── Records for the task

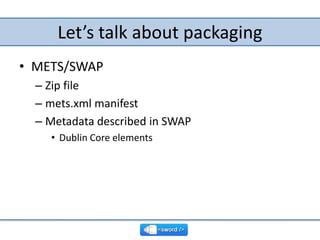 Let’s talk about packaging<br />METS/SWAP<br />Zip file<br />mets.xml manifest<br />Metadata described in SWAP<br />Dublin...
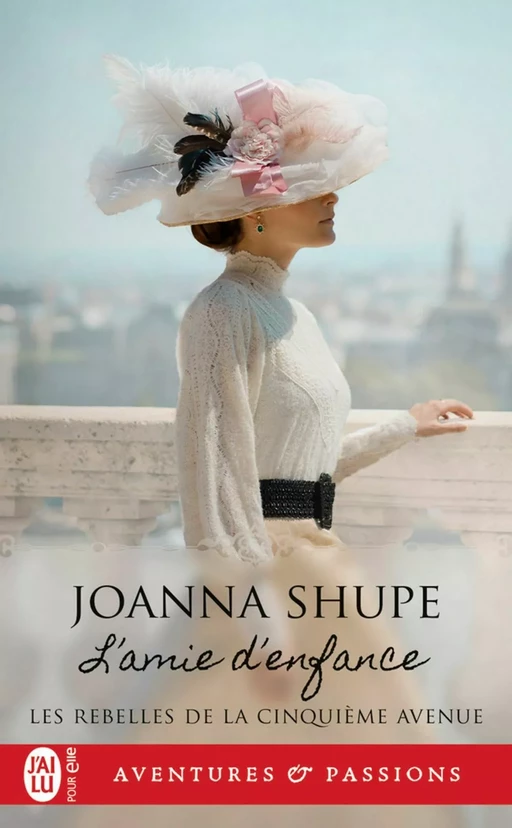 Les rebelles de la cinquième avenue (Tome 1) - L'amie d'enfance - Joanna Shupe - J'ai Lu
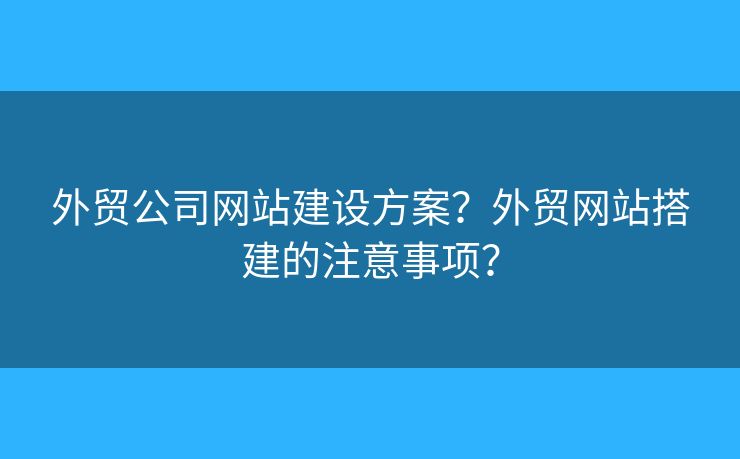 外貿(mào)公司網(wǎng)站建設(shè)方案？外貿(mào)網(wǎng)站搭建的注意事項？
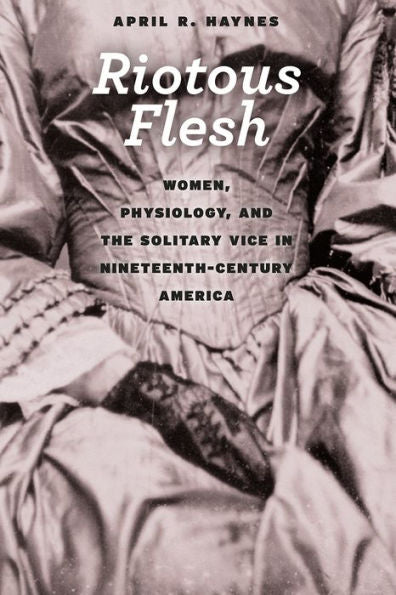 Riotous Flesh: Women, Physiology, And The Solitary Vice In Nineteenth-Century America (American Beginnings, 1500-1900)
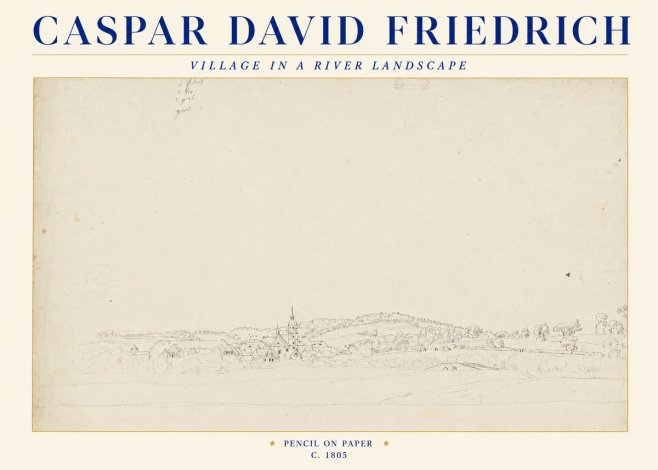 Caspar David Friedrich Village in a River Landscape No4 - Póster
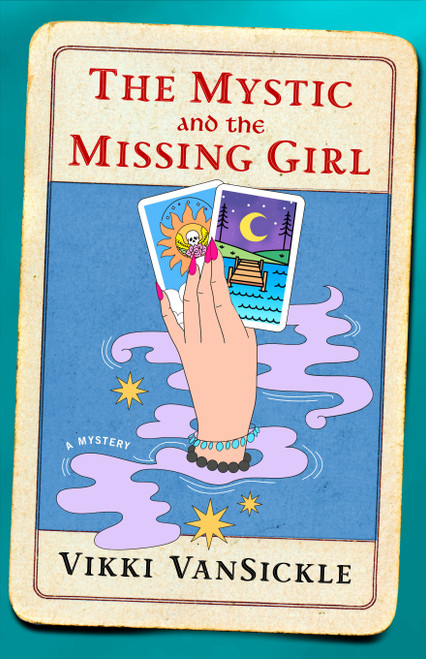 The Mystic and the Missing Girl by Vikki VanSickle, 9781250461100
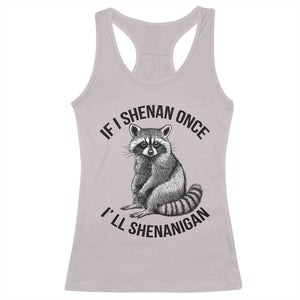 St Patricks Day Raccoon Meme Racerback Tank Top If I Shenan Once I'll Shenanigan TS02 Ice Gray Print Your Wear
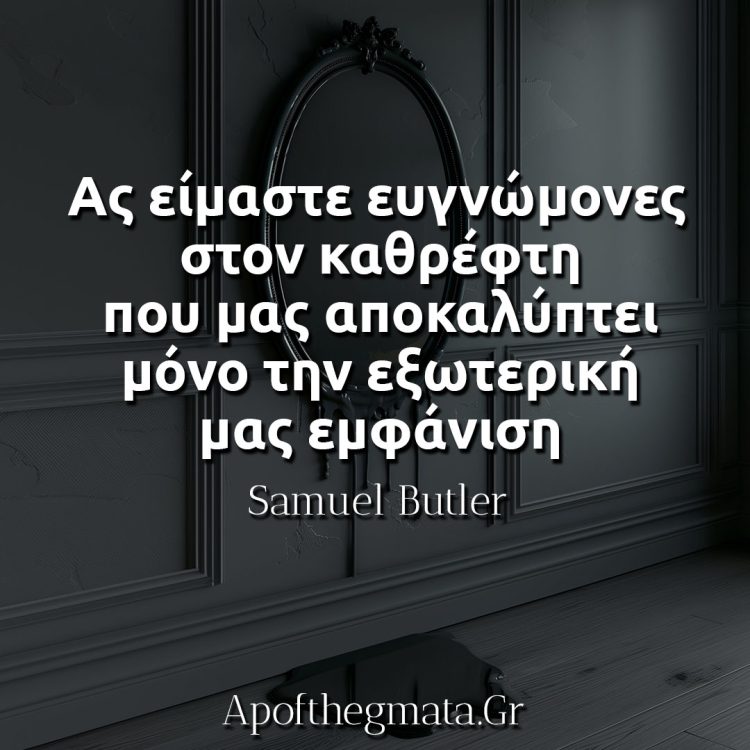 Ας είμαστε ευγνώμονες στον καθρέφτη που μας αποκαλύπτει μόνο την εξωτερική μας εμφάνιση - Samuel Butler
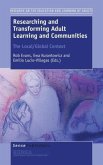 Researching and Transforming Adult Learning and Communities: The Local/Global Context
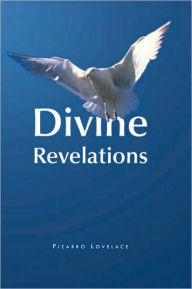 Title: Divine Revelations, Author: Pizzaro Lovelace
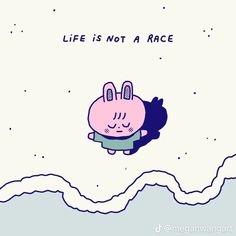 a cartoon character floating in the air with an inscription life is not a race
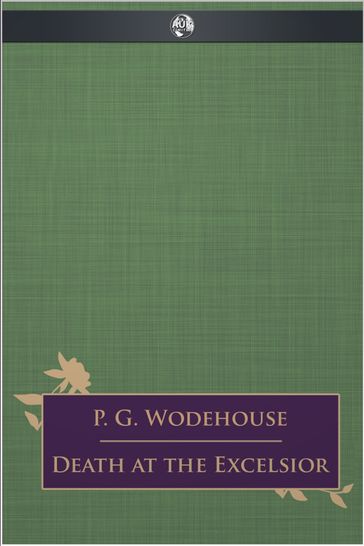 Death at the Excelsior - P. G. Wodehouse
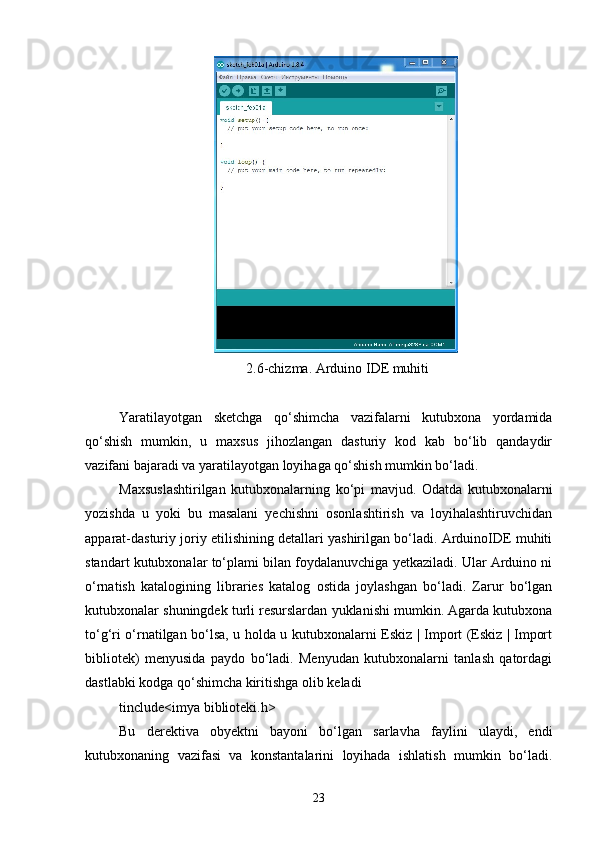  2.6-chizma. Arduino IDE muhiti
Yaratilayotgan   sketchga   qо‘shimcha   vazifalarni   kutubxona   yordamida
qо‘shish   mumkin,   u   maxsus   jihozlangan   dasturiy   kod   kab   bо‘lib   qandaydir
vazifani bajaradi va yaratilayotgan loyihaga qо‘shish mumkin bо‘ladi.
Maxsuslashtirilgan   kutubxonalarning   kо‘pi   mavjud.   Odatda   kutubxonalarni
yozishda   u   yoki   bu   masalani   yechishni   osonlashtirish   va   loyihalashtiruvchidan
apparat-dasturiy joriy etilishining detallari yashirilgan bо‘ladi. ArduinoIDE muhiti
standart kutubxonalar tо‘plami bilan foydalanuvchiga yetkaziladi. Ular Arduino ni
о‘rnatish   katalogining   libraries   katalog   ostida   joylashgan   bо‘ladi.   Zarur   bо‘lgan
kutubxonalar shuningdek turli resurslardan yuklanishi mumkin. Agarda kutubxona
tо‘g‘ri о‘rnatilgan bо‘lsa, u holda u kutubxonalarni Eskiz | Import (Eskiz | Import
bibliotek)   menyusida   paydo   bо‘ladi.   Menyudan   kutubxonalarni   tanlash   qatordagi
dastlabki kodga qо‘shimcha kiritishga olib keladi
tinclude<imya biblioteki.h>
Bu   derektiva   obyektni   bayoni   bо‘lgan   sarlavha   faylini   ulaydi,   endi
kutubxonaning   vazifasi   va   konstantalarini   loyihada   ishlatish   mumkin   bо‘ladi.
23 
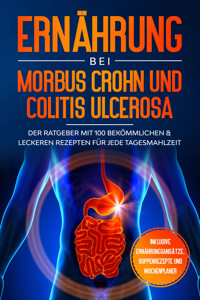 Ernährung bei Morbus Crohn und Colitis Ulcerosa: Der Ratgeber mit 100 bekömmlichen & leckeren Rezepten für jede Tagesmahlzeit - Inklusive Ernährungsansätze, Suppenrezepte und Wochenplaner - Sarah Stoffel - ebook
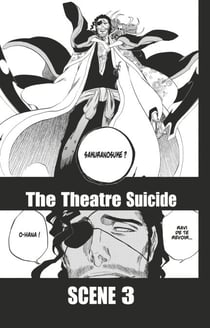 Bleach - T71 - Chapitre 649 - THE THEATRE SUICIDE SCENE 3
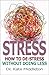 Stress: How to de-stress wi...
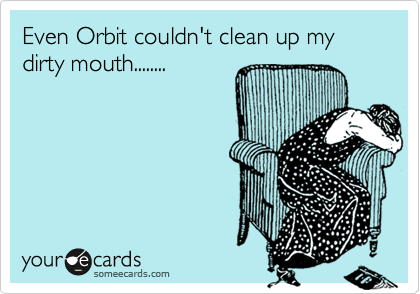 Even Orbit couldn't clean up my dirty mouth........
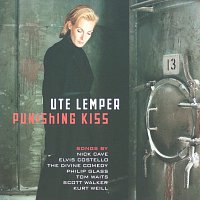 Ute Lemper – Ute Lemper - Punishing Kiss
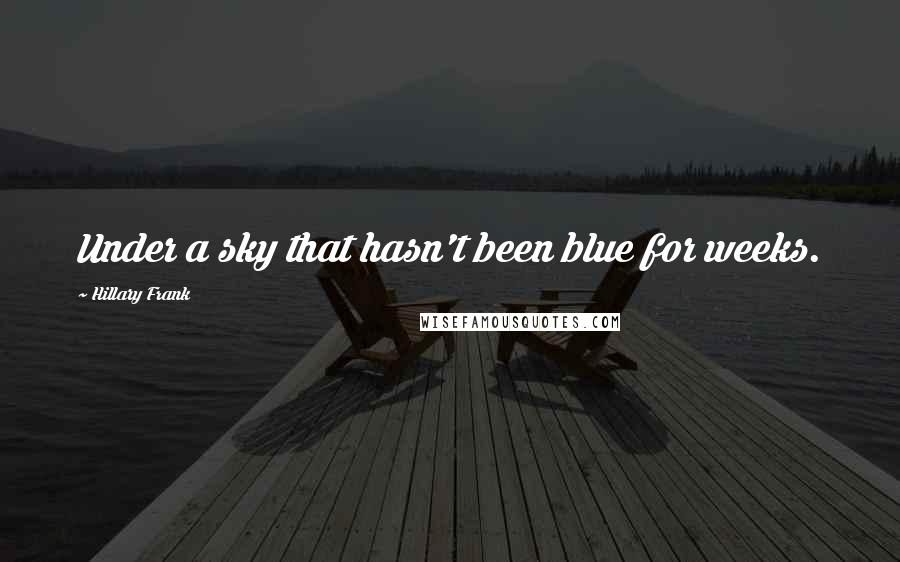 Hillary Frank Quotes: Under a sky that hasn't been blue for weeks.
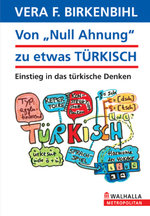 Film: Von Null Ahnung zu etwas Türkisch - Birkenbihl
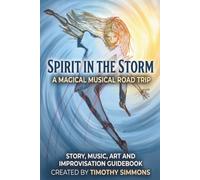 Spirit in the Storm - A Magical Musical Road Trip: Story, Art, Music, and Improvisation Guidebook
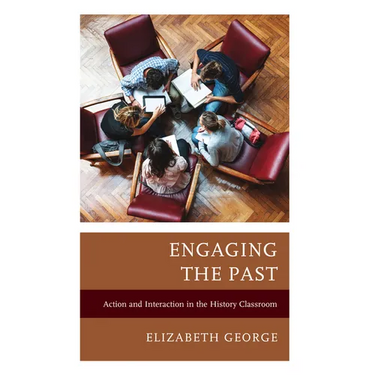 Engaging the Past: Action and Interaction in the History Classroom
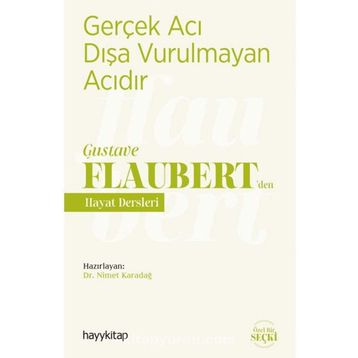 Gerçek Acı Dışa Vurulmayan Acıdır - Gustave Flaubert’den Hayat Dersleri - Nimet Karadağ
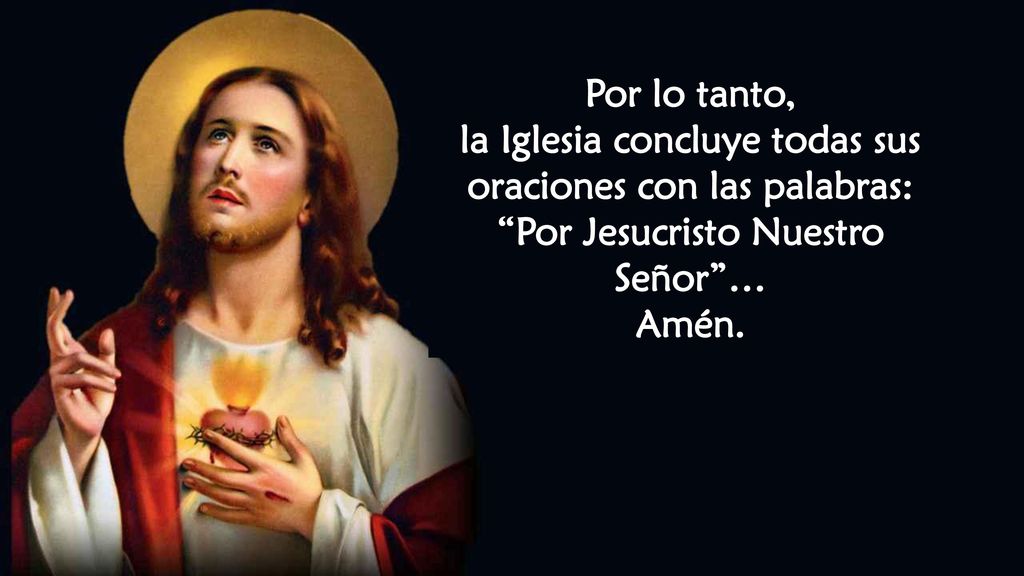 la Iglesia concluye todas sus oraciones con las palabras:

────

Your goal — What are the lines in the records above, word for word, from the one containing "Death at the Excelsior - P. G. Wodehouse" through the one containing "vazifani bajaradi va", both ends included and pictures left out?

Response for this exercise —
 Death at the Excelsior - P. G. Wodehouse
  2.6-chizma. Arduino IDE muhiti
Yaratilayotgan   sketchga   qо‘shimcha   vazifalarni   kutubxona   yordamida
qо‘shish   mumkin,   u   maxsus   jihozlangan   dasturiy   kod   kab   bо‘lib   qandaydir
vazifani bajaradi va yaratilayotgan loyihaga qо‘shish mumkin bо‘ladi.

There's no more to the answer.